Car plusieurs facteurs complexes entrent dans l’analyse de ces bienfaits. Ce problème existe également dans l’agriculture conventionnelle. On entend dire parfois que tant que les pesticides des végétaux de l’agriculture conventionnelle restent dans les valeurs autorisées, ils ne sont pas nocifs. Cela ne tient pas compte de l’effet cocktail, soit le cumul de différents pesticides, pourtant présents en petites quantités. Il faut par conséquent se méfier de la non toxicité du non bio.

Et que penser de cette incertitude scientifique ?

Souvent, des intérêts financiers se cachent derrière les études publiées. Par ailleurs, beaucoup de facteurs sont aussi à prendre en compte, notamment l’impact écologique, pour évaluer les bénéfices dans leur ensemble.

La nourriture issue de l’agriculture biologique serait plus riche en vitamines et minéraux. Une personne qui mange bio doit-elle donc calculer différemment ses apports ?

Une récente étude a montré que certains antioxydants (polyphénols, flavonoïdes) sont plus élevés dans les produits bio que dans ceux non-bio, et que la teneur en pesticides est inférieure. C’est la première fois qu’une telle différence est étayée. Cependant, cela ne justifie pas une réadaptation des quantités quotidiennes recommandées.

Avec toutes ces injonctions contradictoires, comment alors se nourrir au mieux ?

Il est difficile d’arriver à suivre toutes les recommandations. Varier les aliments, je dis même parfois « varier les poisons », permet de couvrir les différents besoins nutritionnels. Puis privilégier les aliments régionaux et de saison.

Quelles sont les autres influences de notre mode de vie sur la santé ?

Les déterminants de la santé sont multiples. Par exemple, manger une nourriture plaisante en quantité suffisante pour satisfaire sa faim, permet d’avoir une alimentation suffisante sans être excessive.
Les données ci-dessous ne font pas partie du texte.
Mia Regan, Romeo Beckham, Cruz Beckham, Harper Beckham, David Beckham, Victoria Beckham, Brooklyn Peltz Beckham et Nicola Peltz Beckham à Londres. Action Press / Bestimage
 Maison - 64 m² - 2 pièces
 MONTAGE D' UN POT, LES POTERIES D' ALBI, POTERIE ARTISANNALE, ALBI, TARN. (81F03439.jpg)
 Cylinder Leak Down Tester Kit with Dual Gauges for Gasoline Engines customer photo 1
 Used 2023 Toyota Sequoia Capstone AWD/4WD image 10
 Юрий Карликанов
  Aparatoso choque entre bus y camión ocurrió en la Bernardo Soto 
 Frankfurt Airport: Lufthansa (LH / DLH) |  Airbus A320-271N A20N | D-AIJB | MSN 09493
La pratique d’un sport, le fait de ne pas fumer contribuent évidemment à nous maintenir en bonne santé. Mais attention aux représentations qui circulent parfois. Avoir son propre jardin peut sembler très sain, mais si on ignore comment doser les pesticides qu’on y ajoute, ça ne sera pas bénéfique.

Y a-t-il une différence entre le bio produit pour les grandes surfaces et celui des petits producteurs ?

C’est avant tout le Cahier des charges du label qui fait la différence, plus que la quantité produite. Certains grands distributeurs privilégient aussi le circuit court, comme chez le petit producteur, pour limiter les pertes.

Le bio est-il une thématique à l’agenda pour la santé publique ?

Actuellement, nous travaillons sur le développement durable de manière générale. Le bio en fait partie, mais il n’y a pas que cela. Rien ne sert de consommer des légumes bio si on mange beaucoup et souvent de la viande et du poisson, qui plus est acheminés depuis un endroit éloigné. Je recommande donc d’abord certains types d’aliments, puis les labels correspondants. S’il y a du bio, c’est un bonus.

A l’inverse, pourrait-on imaginer qu’un besoin d’éducation apparaisse, au vu des nombreuses questions que soulèvent l’agriculture bio et de la complexité de la question ?

J’espère qu’une clarification va se faire parmi tous les labels existants. Ça commence déjà avec leur critérisation. Cela est nécessaire pour savoir quel Cahier des charges se cache derrière quel aliment labellisé.